— WORK TO COMPLETE —
The reply should consist solely of the lines from the one with "Usata Renault Austral" through the final line of the listing, copied exactly, with no pictures.

···

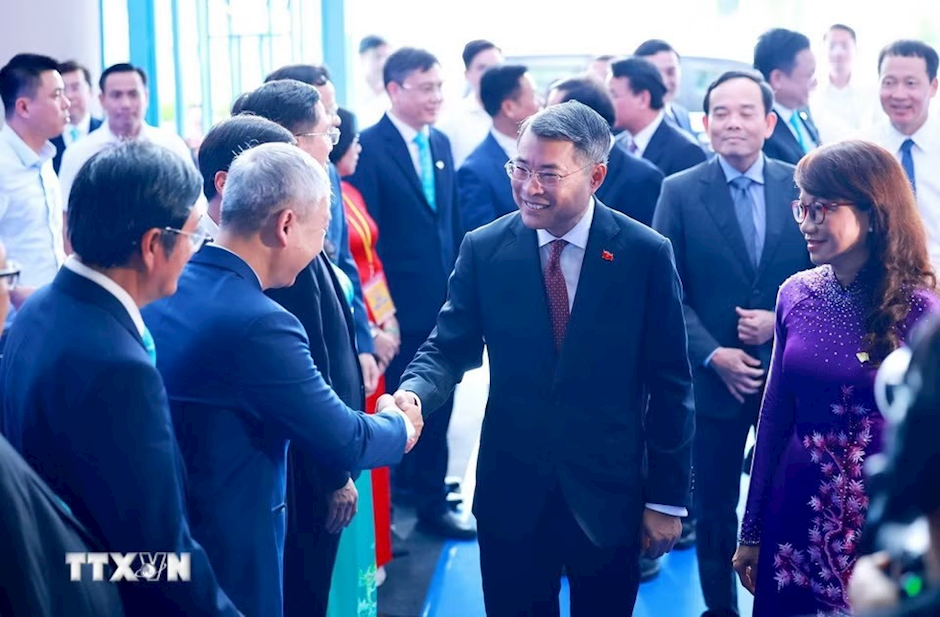 Thủ tướng Lê Minh Hưng đến dự Lễ khai khóa Đại học Quốc gia Thành phố Hồ Chí Minh năm 2026. (Ảnh: Dương Giang/TTXVN)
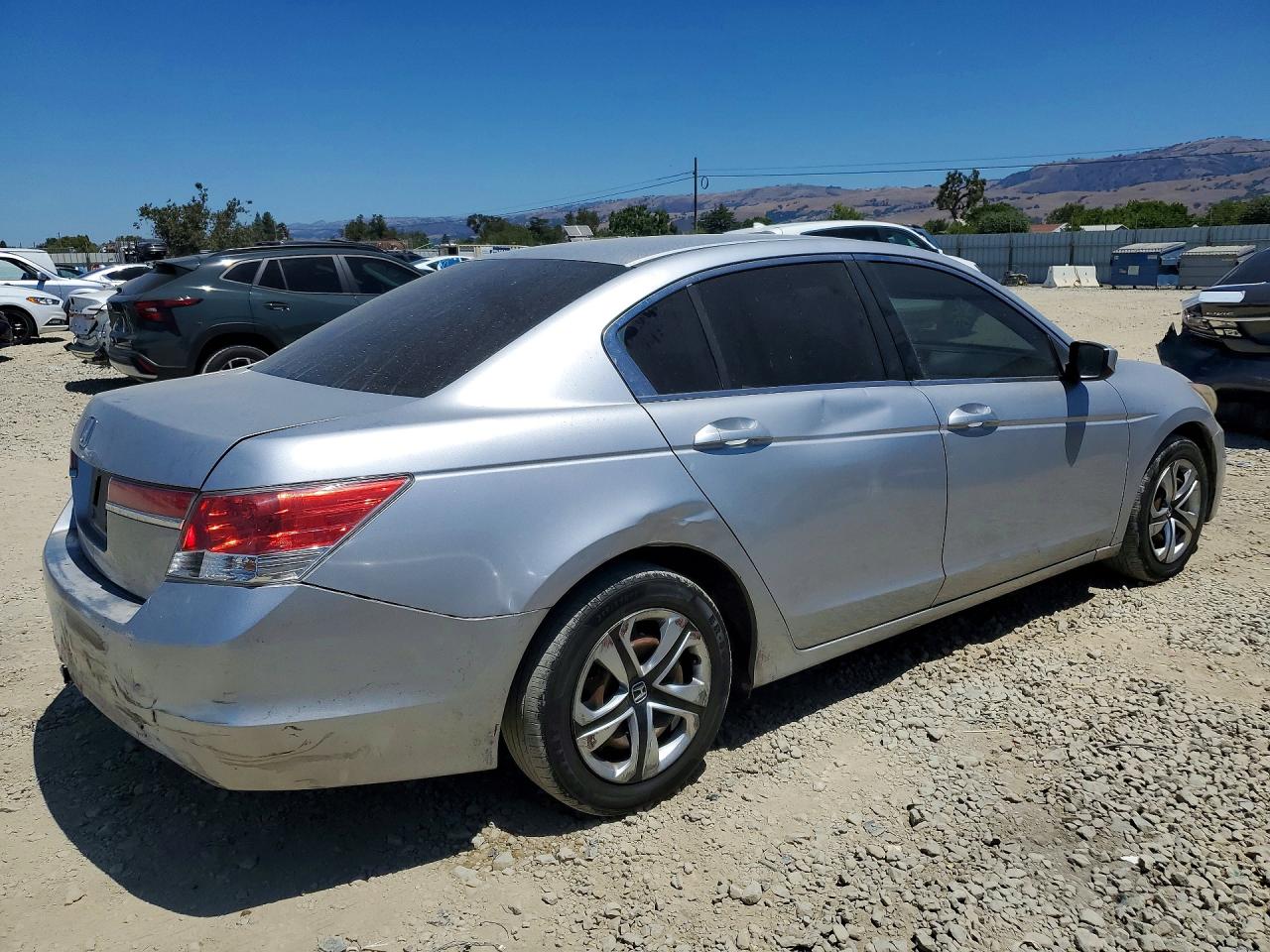 2011 Honda Accord Lx Silver vin: 1HGCP2F33BA006833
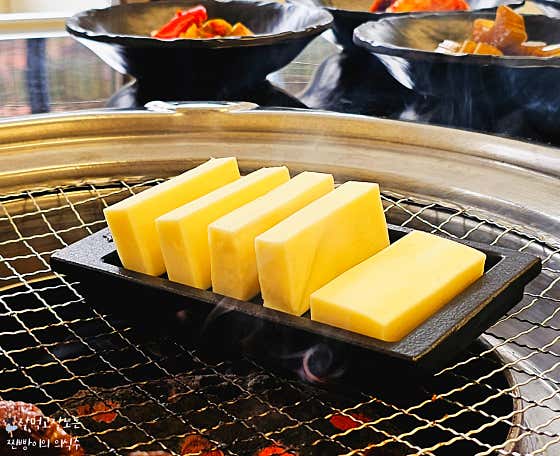 구워먹는 치즈 (전용불판) 메뉴 사진(네이버)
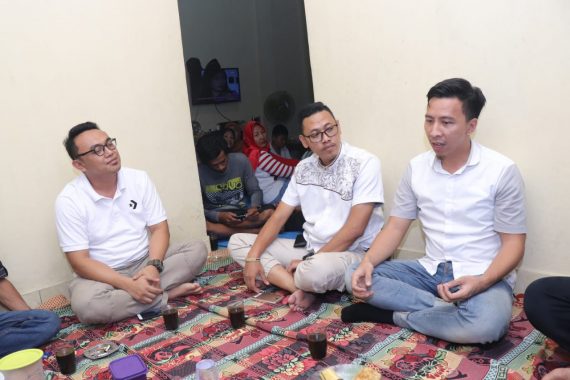 Wakil Gubernur Bachtiar Basri Silaturahmi dengan Bupati Pertama Lampung Barat HS Umpusinga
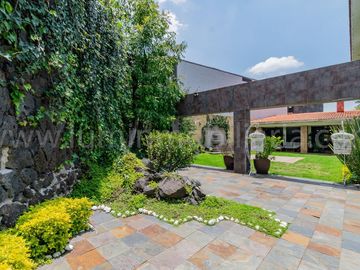 VENTA DE CASA EN FUENTES DEL PEDREGAL 800M2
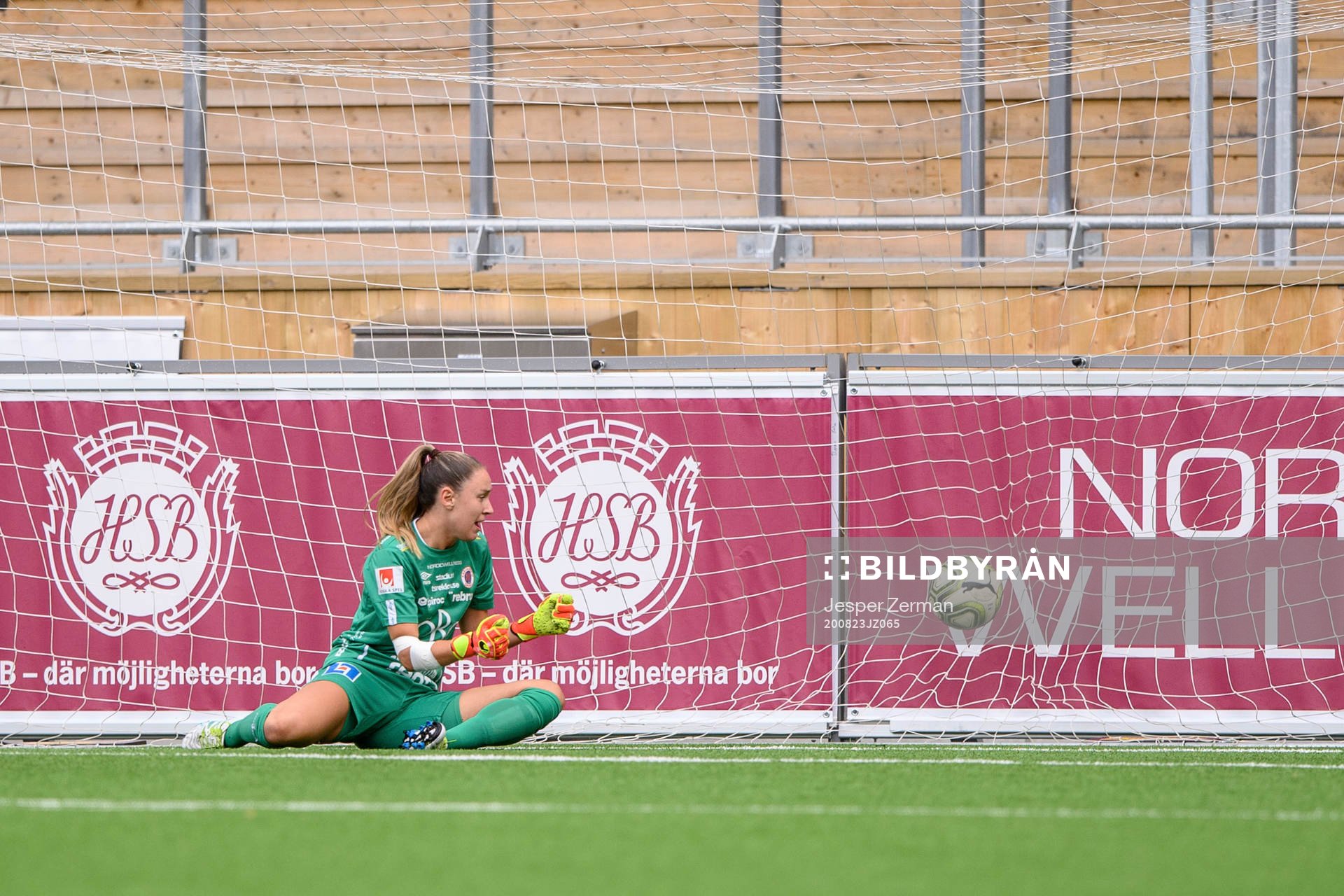 Örebros målvakt Moa Öhman släpper in 1-0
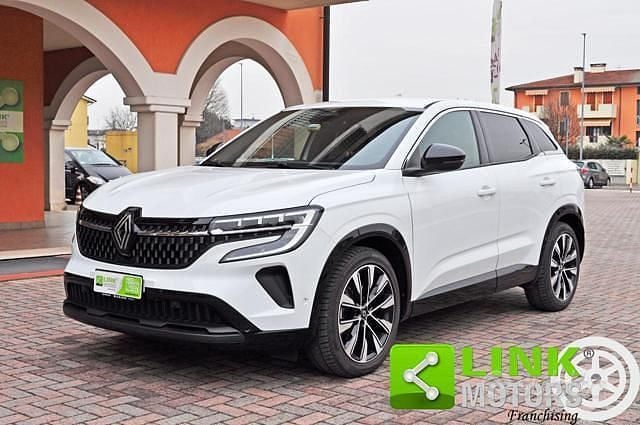 Usata Renault Austral Techno 200 CV (147 kW) 2023 Bianco SUV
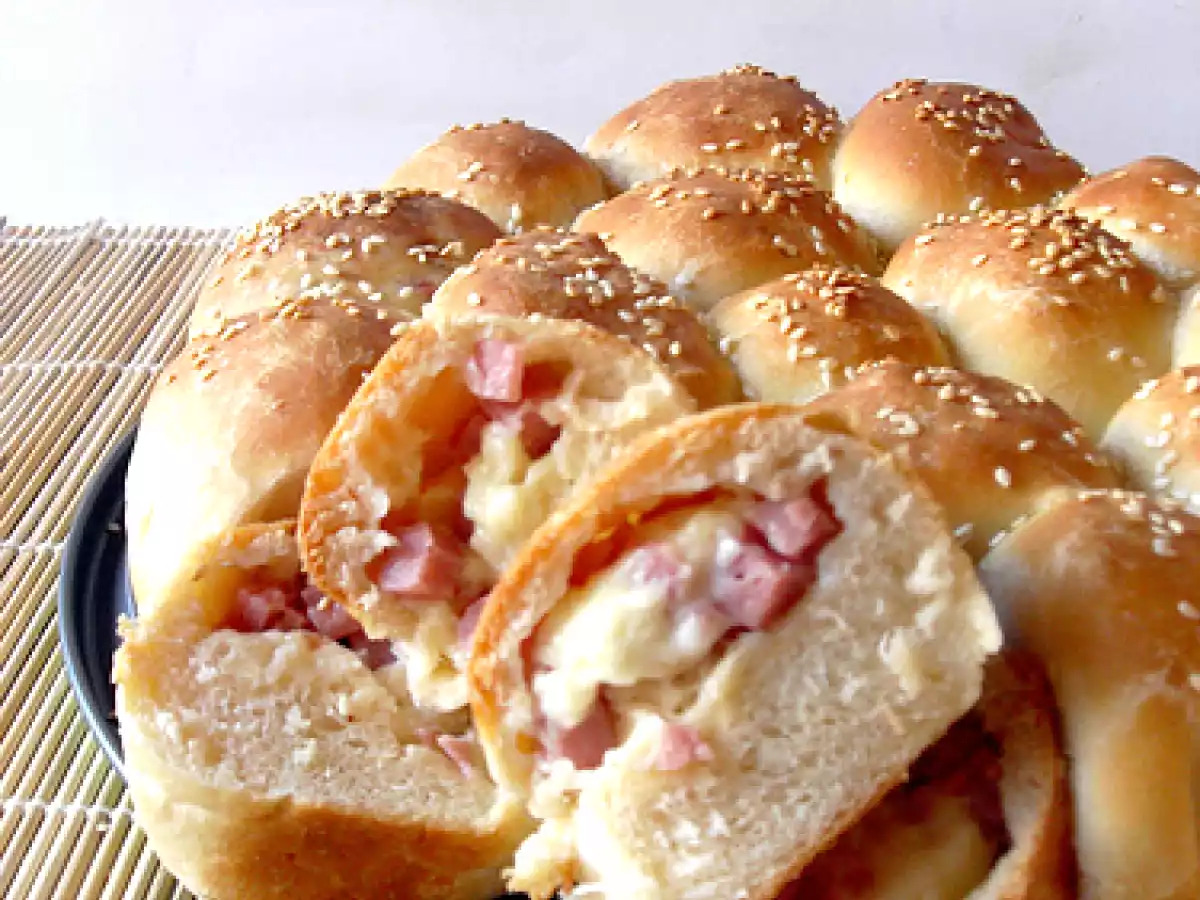 DANUBIO SALATO CON PROSCIUTTO E FORMAGGIO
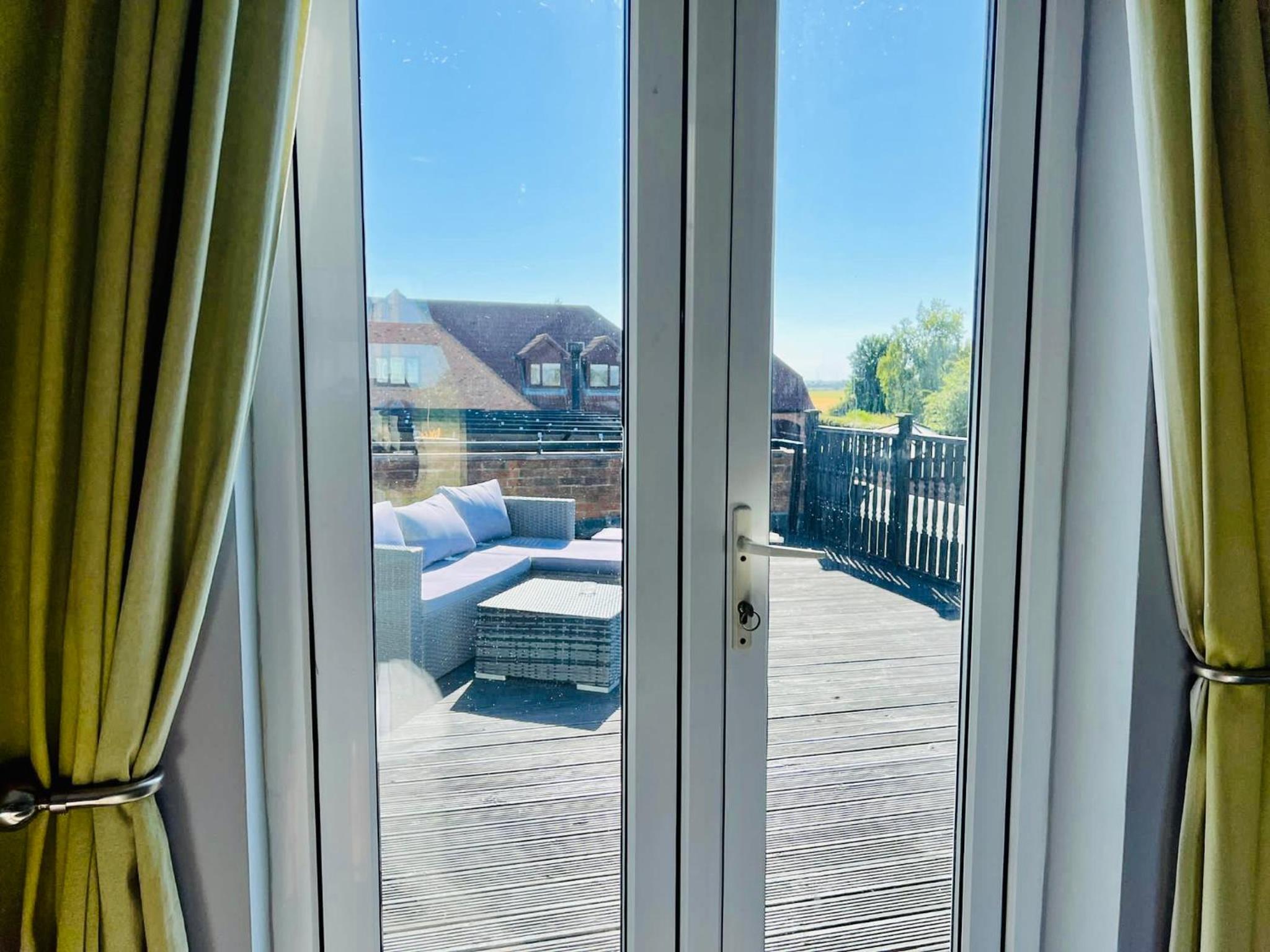 Double Room with Balcony - Photo 15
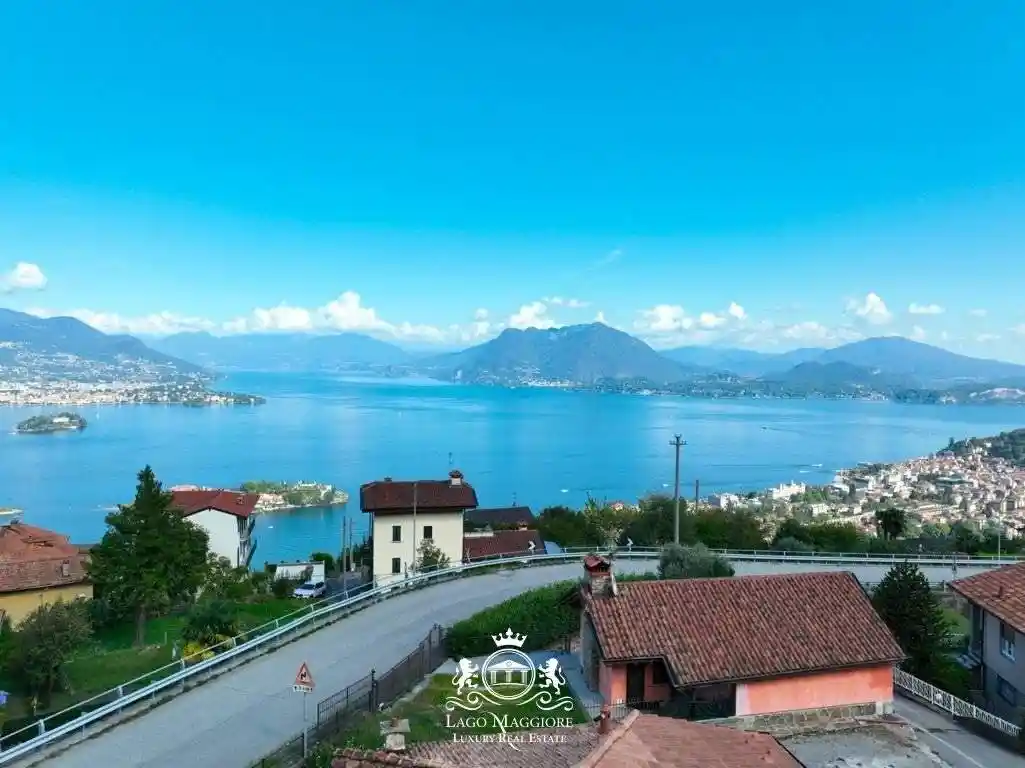 Villa in vendita a Stresa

···

— TASK ANSWER —
 Usata Renault Austral Techno 200 CV (147 kW) 2023 Bianco SUV
 DANUBIO SALATO CON PROSCIUTTO E FORMAGGIO
 Double Room with Balcony - Photo 15
 Villa in vendita a Stresa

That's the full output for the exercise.